• _EXERCISE DIRECTIONS_:
The listing below holds pictures; exclude them. Return exactly the lines from the one with "1971 Chevrolet Chevelle" through the one with "OSOVINA SHIMANO E-THRU".

━━━━━ INPUT MATERIAL ━━━━━

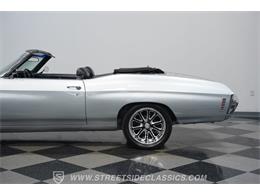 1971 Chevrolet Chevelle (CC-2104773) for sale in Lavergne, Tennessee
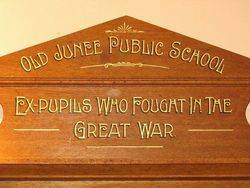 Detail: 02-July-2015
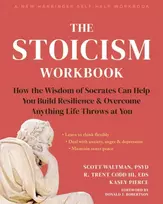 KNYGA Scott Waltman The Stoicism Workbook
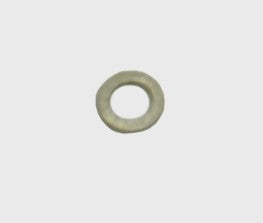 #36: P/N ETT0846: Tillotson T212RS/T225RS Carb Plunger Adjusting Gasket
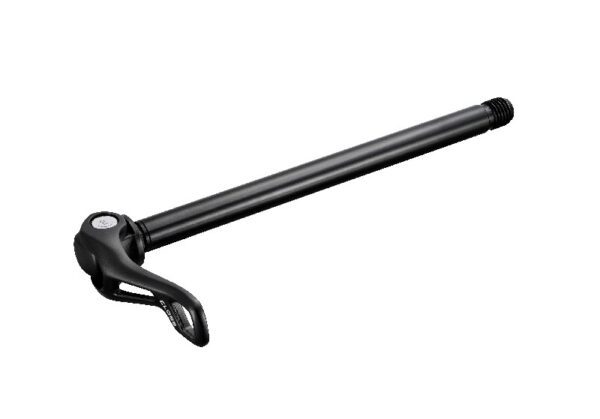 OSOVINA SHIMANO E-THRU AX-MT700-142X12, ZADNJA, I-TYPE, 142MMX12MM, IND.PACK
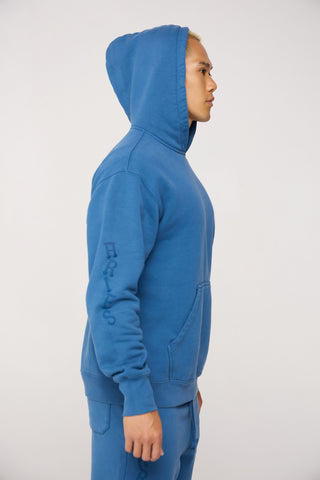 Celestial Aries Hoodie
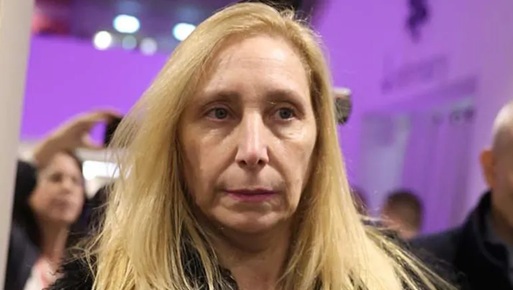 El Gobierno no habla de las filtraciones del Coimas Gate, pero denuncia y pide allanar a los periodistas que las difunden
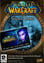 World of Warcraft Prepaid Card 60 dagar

━━━━━
━━━━━ INPUT MATERIAL ━━━━━

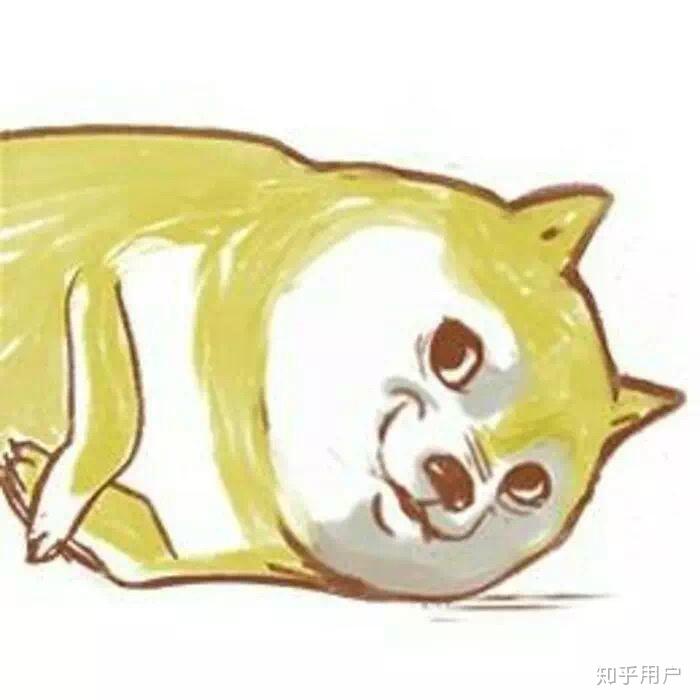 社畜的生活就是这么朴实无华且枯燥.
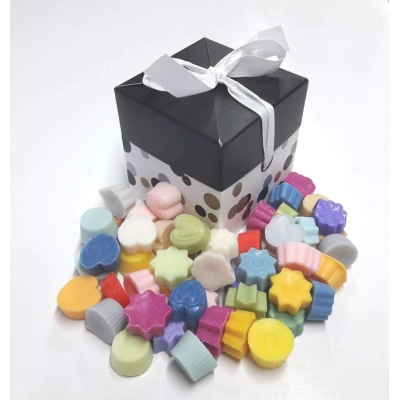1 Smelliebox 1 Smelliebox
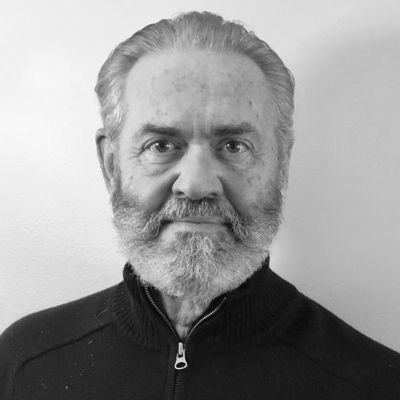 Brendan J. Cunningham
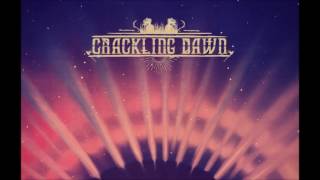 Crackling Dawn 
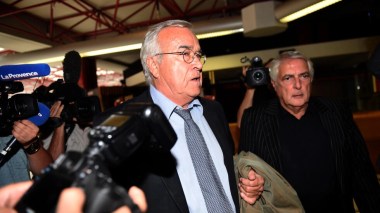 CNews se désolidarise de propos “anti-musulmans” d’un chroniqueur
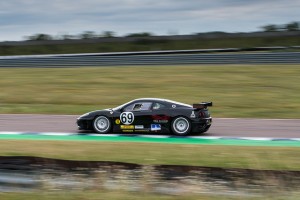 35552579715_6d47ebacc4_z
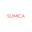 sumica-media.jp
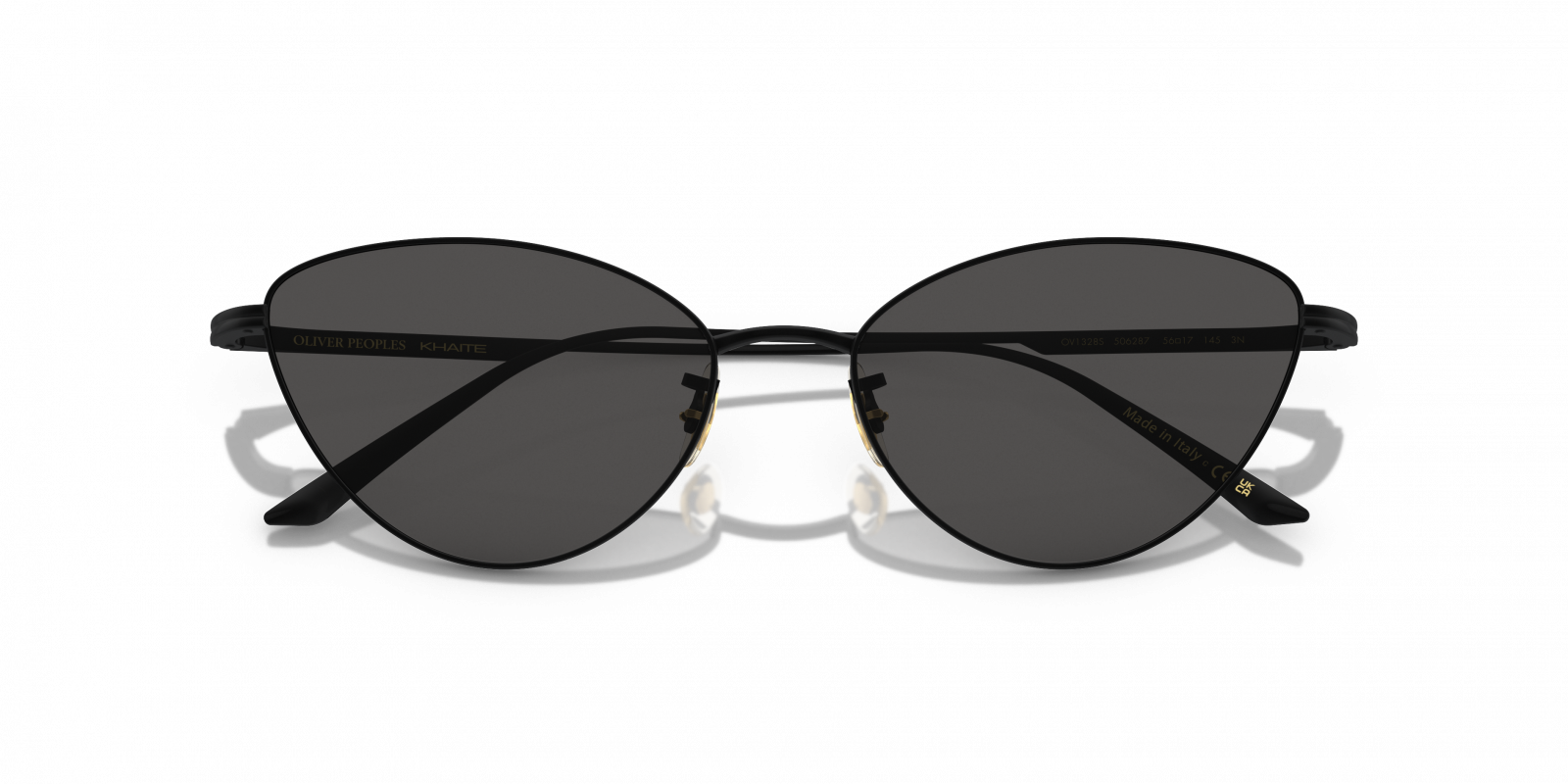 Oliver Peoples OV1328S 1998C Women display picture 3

━━━━━

• _PROBLEM SOLUTION_:
 1971 Chevrolet Chevelle (CC-2104773) for sale in Lavergne, Tennessee
 Detail: 02-July-2015
 KNYGA Scott Waltman The Stoicism Workbook
 #36: P/N ETT0846: Tillotson T212RS/T225RS Carb Plunger Adjusting Gasket
 OSOVINA SHIMANO E-THRU AX-MT700-142X12, ZADNJA, I-TYPE, 142MMX12MM, IND.PACK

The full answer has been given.